The tenants cite McIntosh v. Flint Hill Sch., 100 Va. Cir. 32 (Fairfax 2018), where the contract provided that if a parent sued the school concerning the enrollment contract, the parent was responsible, win or lose, for the school’s attorneys’ fees. Unlike McIntosh, the contract in this case provides for payment of reasonable attorneys’ fees to the landlord.
“The fact the provision is not mutual in the context of this case is merely one of contract negotiations. Tenant simply chose not to negotiate a mutuality component to the attorney fees provision. Presumably, Tenant got some other benefit in the Lease it prized ex ante more than attorney fees mutuality.”
Other issues
There is a parallel federal court proceeding involving the parties in this case. The attorneys’ fee award is limited to the Virginia action. “[T]his Court will not award fees incurred to prosecute or defend the federal action. However, where legal work performed for Landlord in state court also incidentally benefitted Landlord’s case in federal court, it may recover fees for those services. …
“Tenant and Assignee claim that any Landlord fees are limited to those necessary to bring the enforcement action and not those to defend against Tenants’ claims. The Court disagrees.
“Landlord commenced litigation by filing an unlawful detainer lawsuit in the General District Court. Tenants filed a counterclaim. And by the time this matter went to trial in this Court, there were three consolidated lawsuits and a variety of claims by Tenant, such as breach of contract, fraud, and statutory business conspiracy.
“The Lease provides for reasonable attorney fees resulting from an event of default and/or Landlord filing suit against Tenant. … It specifically provides a list of nonexclusive examples of recoverable fees: (1) a suit for possession; (2) payment of rent; (3) damages; or (4) enforcement or interpretation of the provisions of the Lease. …

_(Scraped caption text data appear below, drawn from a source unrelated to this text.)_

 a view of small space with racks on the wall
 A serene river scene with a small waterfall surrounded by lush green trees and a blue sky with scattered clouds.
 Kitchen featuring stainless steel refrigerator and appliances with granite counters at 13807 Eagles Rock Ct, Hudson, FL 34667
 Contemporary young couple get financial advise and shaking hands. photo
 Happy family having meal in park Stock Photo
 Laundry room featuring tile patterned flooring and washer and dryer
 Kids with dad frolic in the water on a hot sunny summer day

“In this case, Landlord incurred fees for all four examples. First and second, Landlord filed an unlawful detainer action in the General District Court, which commenced the litigation between the parties for possession and unpaid rent. Third, Landlord successfully sought significant damages to its building in the form of incomplete build-out work. Fourth, Landlord successfully litigated both enforcement and contract interpretation claims.

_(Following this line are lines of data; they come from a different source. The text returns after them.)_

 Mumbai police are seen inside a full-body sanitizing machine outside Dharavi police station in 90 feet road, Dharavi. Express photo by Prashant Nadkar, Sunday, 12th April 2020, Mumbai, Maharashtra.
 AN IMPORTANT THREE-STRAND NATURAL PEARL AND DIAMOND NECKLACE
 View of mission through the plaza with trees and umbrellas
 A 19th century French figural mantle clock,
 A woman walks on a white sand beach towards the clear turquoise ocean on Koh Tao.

“Tenants set forth their own claims of breach of the Lease and breach of the Assignment, which required Landlord to ask the Court to ‘enforce or interpret’ the Lease. … Virginia law considers defense of a tenant’s breach of contract claim to constitute ‘enforcement’ of the agreement for the purposes of recovering fees.”
Reasonable fee
“Tenants … complain Landlord unreasonably ran up legal fees. However, the Court finds that this case featured two very well-represented sides exercising their prerogatives. Be it remembered that this seemingly routine landlord-tenant case for unpaid rent and dueling breach of contract actions in the General District Court devolved into three complex Circuit Court cases, with counterclaims, that became one of this Court’s most heavily litigated matters for the past two years until a jury, and then this Court, made findings.
“It spawned parallel proceedings in federal court. Certain issues were effectively litigated multiple times. Before this Court even decided a significant portion of the case and entered a final order, vows of appeal were made. One can charitably call this aggressive lawyering or uncharitably call it a war of attrition. In any event, both sides stood toe to toe, each expecting the other side to ultimately reimburse them their attorney fees when they prevailed. …

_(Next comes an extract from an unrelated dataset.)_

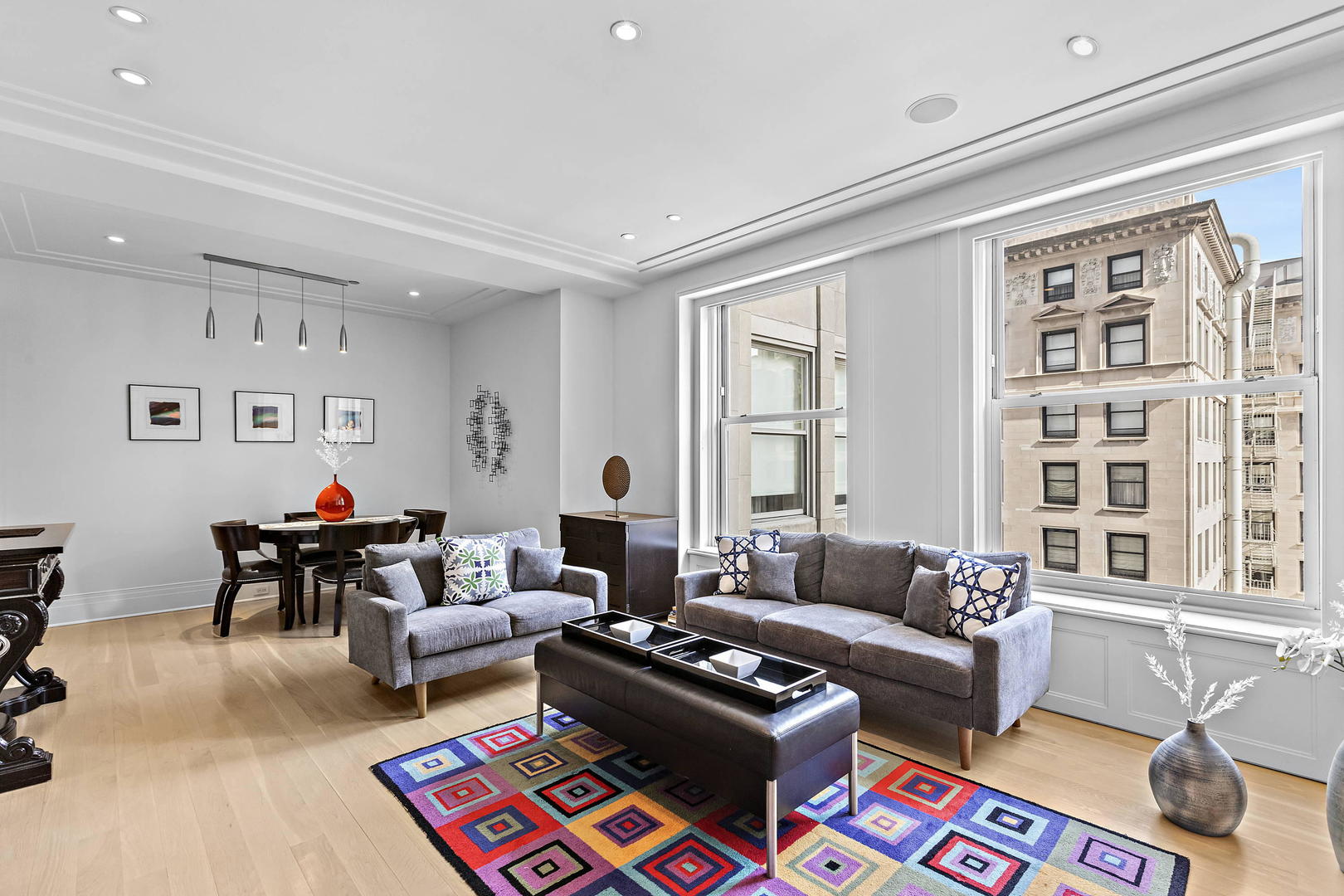 159 East Walton Place, Unit 9B Chicago, IL 60611 - Photo 7 of 28 a living room with furniture a rug and a window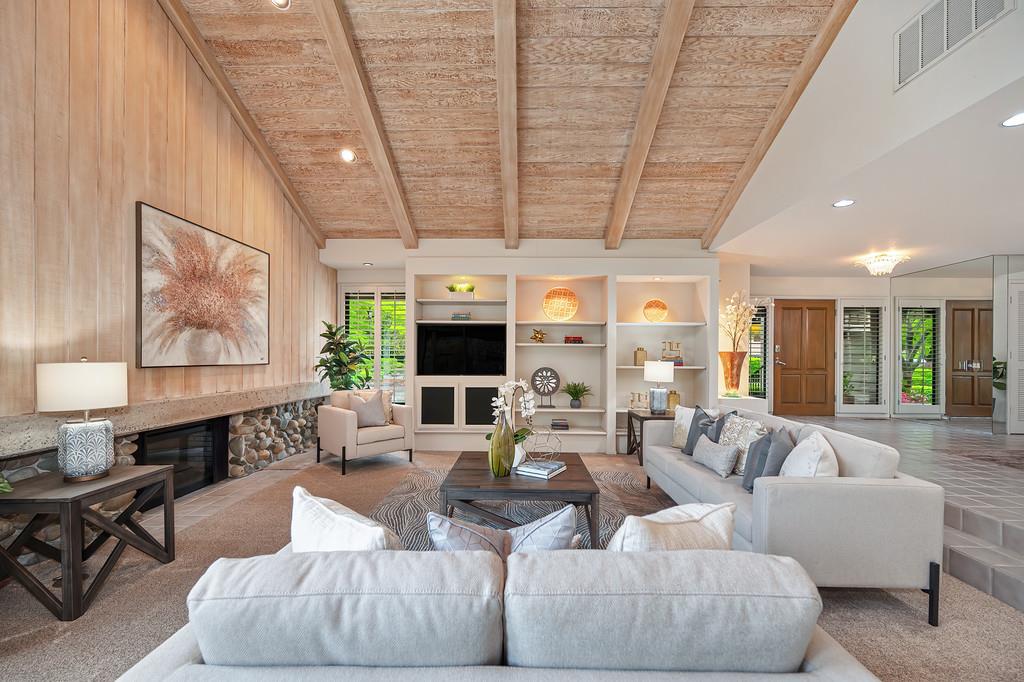 7650 Pineridge Road Fair Oaks, CA 95628 - Photo 13 of 67 Large, open living room with a fireplace, open-beam ceiling, and built-in cabinets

“Each side incurred over $1.3 million in attorney fees. Tellingly, total fees billed to Landlord were approximately 45 percent less than those billed to Tenants. … The Court cannot say Landlord alone brought the matter to this state of affairs. The Court finds the fees awarded the Landlord herein are reasonable in the face of its skilled opposition.”
Ebadom VA, LLC, et al. v. Lee, et al. Case No. CL-2018-386. April 6, 2020; Fairfax County Cir. Ct. (Oblon). Lauren P. McLaughlin, Joshua E. Holt, Raziye Andican, Thomas J. McKee Jr., Theresa A. Queen. Alexander X. Jackins for the parties. VLW 020-8-029, 7 pp.